Utilization is not a lie, it is a measurement of a well-defined quantity, but people make assumptions to extrapolate capacity models from it, and that is where reality diverges from expectations.
Hyperthreading (SMT) and Turbo (clock scaling) are only a part of the variables causing non-linearity, there are a number of other resources that are shared across cores and "run out" as load increases, like memory bandwidth, interconnect capacity, processor caches. Some bottlenecks might come even from the software, like spinlocks, which have non-linear impact on utilization.
Furthermore, most CPU utilization metrics average over very long windows, from several seconds to a minute, but what really matters for the performance of a latency-sensitive server happens in the time-scale of tens to hundreds of milliseconds, and a multi-second average will not distinguish a bursty behavior from a smooth one. The latter has likely much more capacity to scale up.
Unfortunately, the suggested approach is not that accurate either, because it hinges on two inherently unstable concepts
> Benchmark how much work your server can do before having errors or unacceptable latency.
The measurement of this is extremely noisy, as you want to detect the point where the server starts becoming unstable. Even if you look at a very simple queueing theory model, the derivatives close to saturation explode, so any nondeterministic noise is extremely amplified.

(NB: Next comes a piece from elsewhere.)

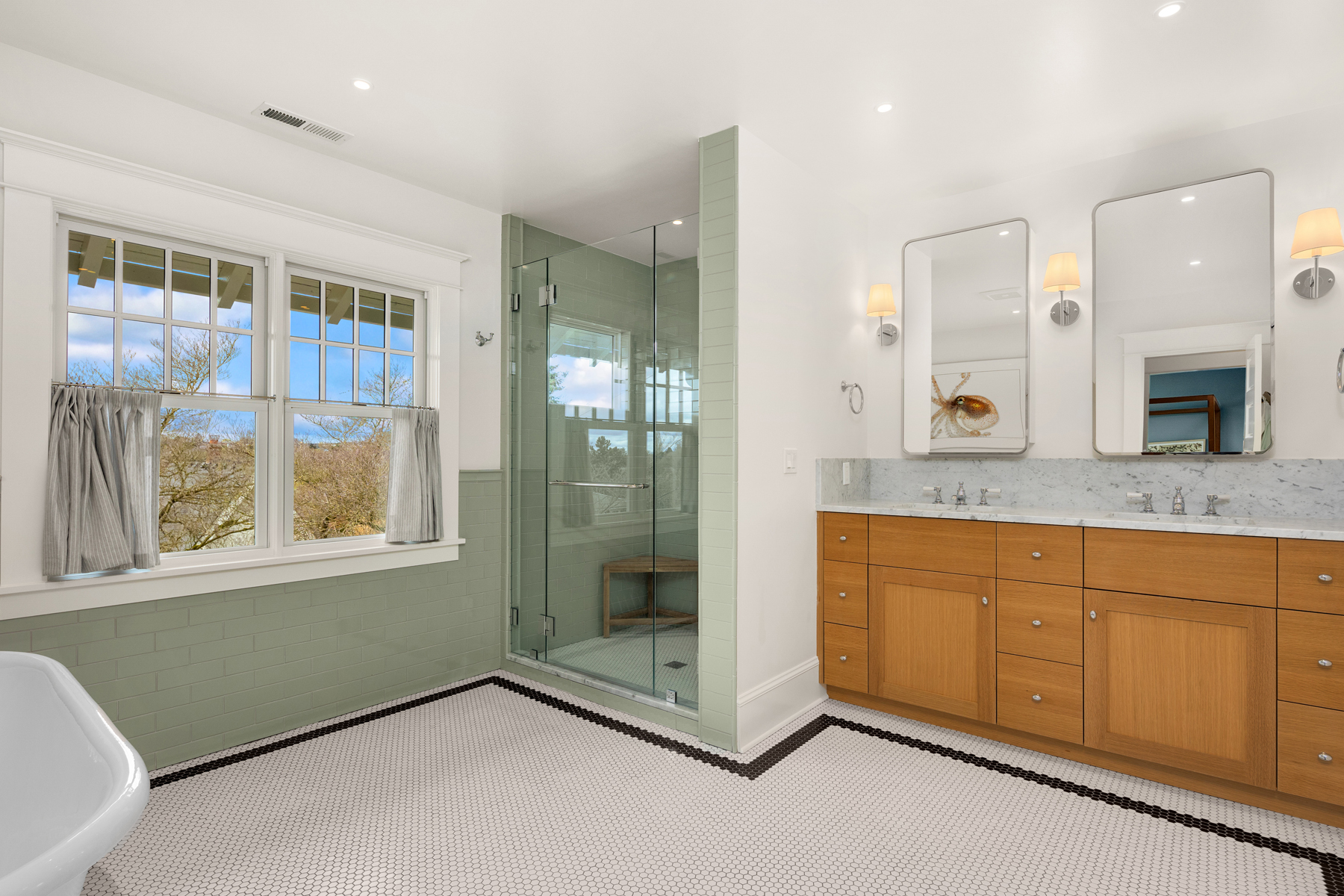 Verdant House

> Report how much work your server is currently doing.
There is rarely a stable definition of "work". Is it RPS? Request cost can vary even throughout the day. Is it instructions? Same, the typical IPC can vary.
Ultimately, the confidence intervals you get from the load testing approach might be as large as what you can get from building an empirical model from utilization measurement, as long as you measure your utilization correctly.